Hungary got subsidy

Friday, May 8th, 2009 at 1:15 am

I’ve just got back from a 3 day junket in Brussels curtesy of the Hewlett Foundation [Corks! do they have that much money? I better claim for that sandwich I had on the train] organized by Jack Thurston.

As well as the usual long-haired suspects from Britain, there were some computer-assisted journalists, mainly from Denmark, who use this very expensive (they wouldn’t tell me how much) java-based UI-driven web-scraping program called kapow that can’t possibly be versatile enough to do anything much, but supposedly is. (I have to get to grips with the free version at some point to see how.)

The main deal behind this meeting was to support with data that had just been published and was linkable from 27 different websites in 27 different (often very bad) forms.

The work got shared out. Some of us got to grips with interesting webscraping through broken interfaces. And for me, one of the Danes offered the Hungarian data for 2007-10-16 to 2008-10-15 which, for no apparent reason, had been released as a single 13756 page 46Mb PDF file.

Using my technology and skills from hacking the PDF files of the Security Council and General Assembly for [note: no generous grants whatsoever here, you miserable unimaginative funds], I had a look at it and thought it was doable. Not that my Hungarian is any good. On-line translation webpages were able to deal with the handful of words that I needed.

I got stuck in. Unfortunately I didn’t manage to get it done in time for the press conference this afternoon called who wants to be a CAP Euro-millionaire?, but I finished it off on the train home to Liverpool.

My very clean data is here in comma separated form. Please contact me if you need any amendments to the format. They’re easy to do right now. The details are as follows:

Each farm is written on several lines representing multple payments from both national and EU funds, as well as an overall value (which is the sum of both).

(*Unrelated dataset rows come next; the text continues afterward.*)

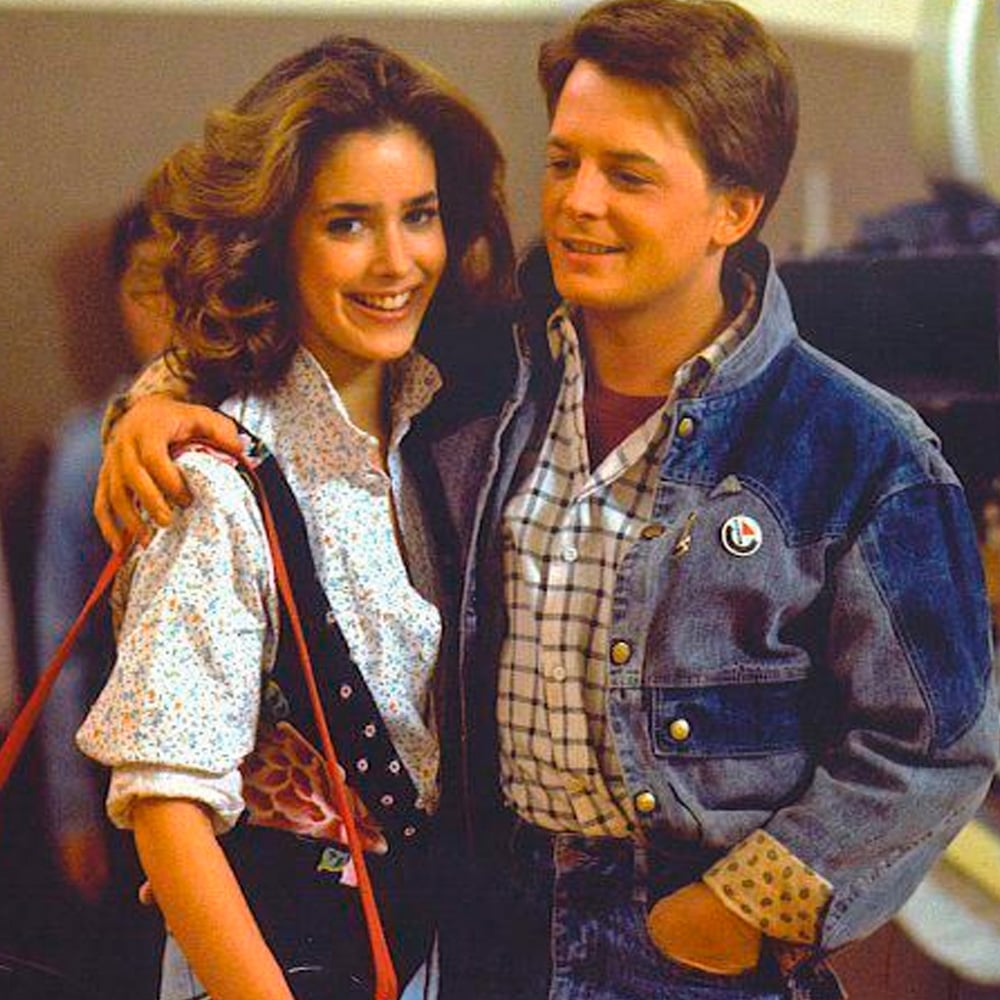 A young woman and man stand close together, smiling. The woman has long wavy hair and wears a patterned shirt with suspenders, while the man, in a denim jacket and plaid shirt, has his arm around her shoulders.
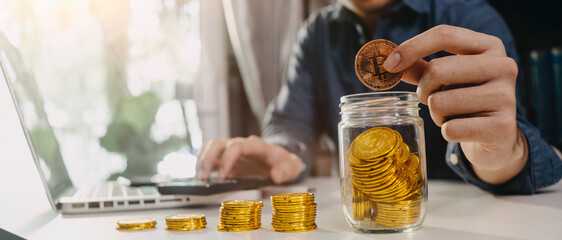 Business people use tablets and hold credit cards as an online shopping concept With a calculator and a book placed on the table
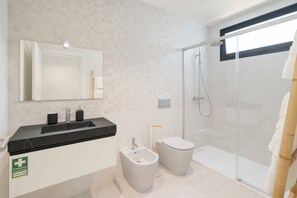 Features a sleek vanity, large mirror, bidet, and toilet, with a glass shower enclosure.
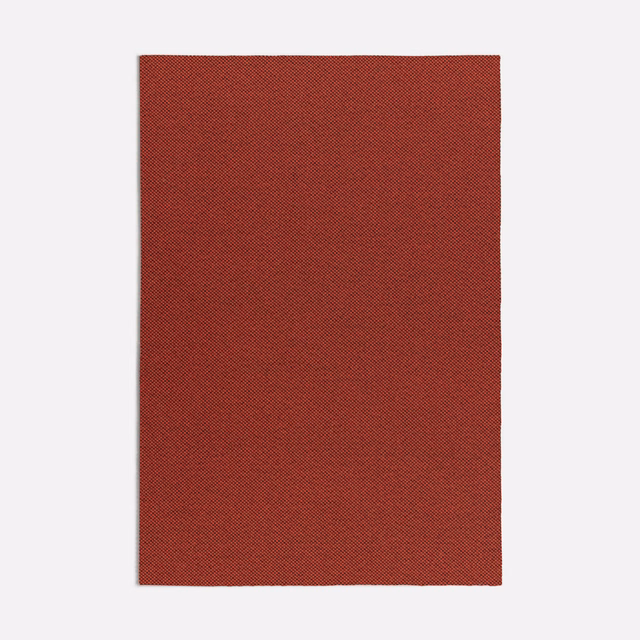 Deep brick-orange fabric swatch with a fine, subtly diagonal woven texture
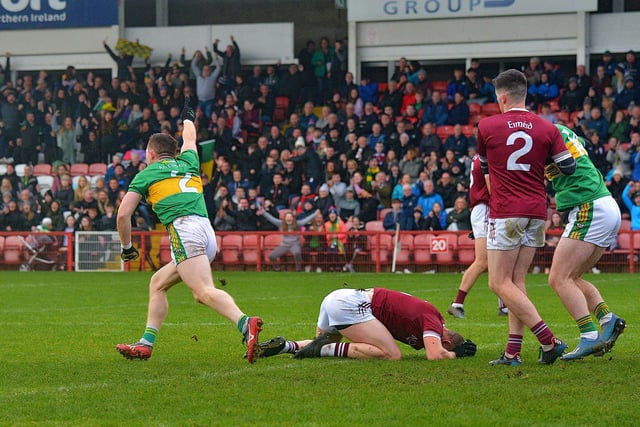 Glen's Cathal Mulholland wheels away in celebration after his goal clinched the Derry Senior football championship final against Slaughtneil in Celtic Park on Sunday afternoon.  DER2243GS – 003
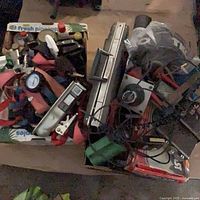 overview of two boxes with air horns, electronics, straps, tools
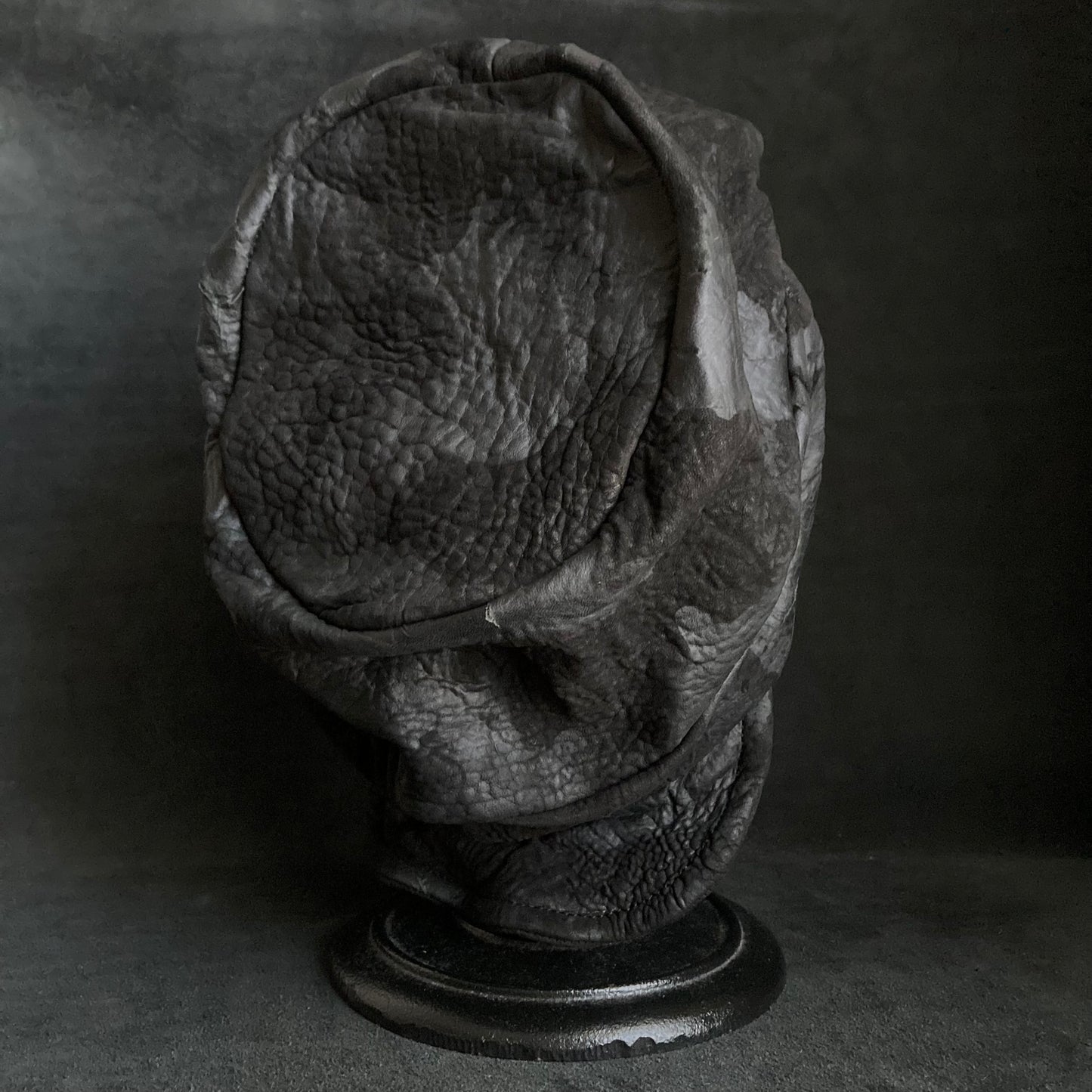 Grain sheepskin leather turn cap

The entries in each row are:

  • page-block – For use as a database-id which can be referred back to the original document by page number, and block number counting from 0 from the start of the page. The first (zeroth) block on a page is missing if it was a continuation of the last block on the previous page.
  • address – Left blank for repeat references to the same farm (where the page-block is the same). The first entry is always the overall sum (for verification).
  • ogcim – Meaning not known. Sometimes contains word “support” or “national”. It is blank for the overall sum case.
  • fund – This is always “EMGA (NVT)”, “EMGA”, “EMVA” or “national”. I don’t know the meanings.
  • source – This is either “overall” (the sum), “EU” or “national”.
  • amount – in (Ft). Sometimes this is negative.

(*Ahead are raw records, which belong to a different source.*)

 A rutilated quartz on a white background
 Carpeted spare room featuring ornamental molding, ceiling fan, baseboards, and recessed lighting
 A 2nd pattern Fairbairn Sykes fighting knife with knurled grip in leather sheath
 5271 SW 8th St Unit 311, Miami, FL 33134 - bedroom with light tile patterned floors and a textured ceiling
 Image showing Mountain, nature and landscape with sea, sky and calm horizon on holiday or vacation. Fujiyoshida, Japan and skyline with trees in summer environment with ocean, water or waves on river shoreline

The data I have produced is very clean (correcting difficulties on page 118 and page 8963) and all numbers (the “overall” figures) agreeing everywhere.

Here is the example for one farm (on four lines). The first line is the overall sum. It’s the first record on page 4515 of the PDF:

04515-00,Hortobágyi Természetvédelmi Közalap. 4063 Nagymacs Kastélykert utca 41/B,,,overall,5981187
04515-00,,Területalapú támogatás,EMGA,EU,3972963
04515-00,,EMVA – Kedvezőtlen adottságú területek,EMVA,EU,1606579
04515-00,,EMVA – Kedvezőtlen adottságú területek,EMVA,national,401645

The addresses are not clean (but there are no repeats) owing to my having no idea what a Hungarian address is supposed to look like. I’ll leave it to some Hungarian coder who knows Hungarian to work out how to match it against some phone-book location database and take this data further.

The total EU payments is 204,437,241,549 Ft. (There are 295 forints to the euro.) The total national payments is 104,134,982,548 Ft. In the list are 203,975 farms of which 29 have a zero subsidy and 236 have a negative subsidy.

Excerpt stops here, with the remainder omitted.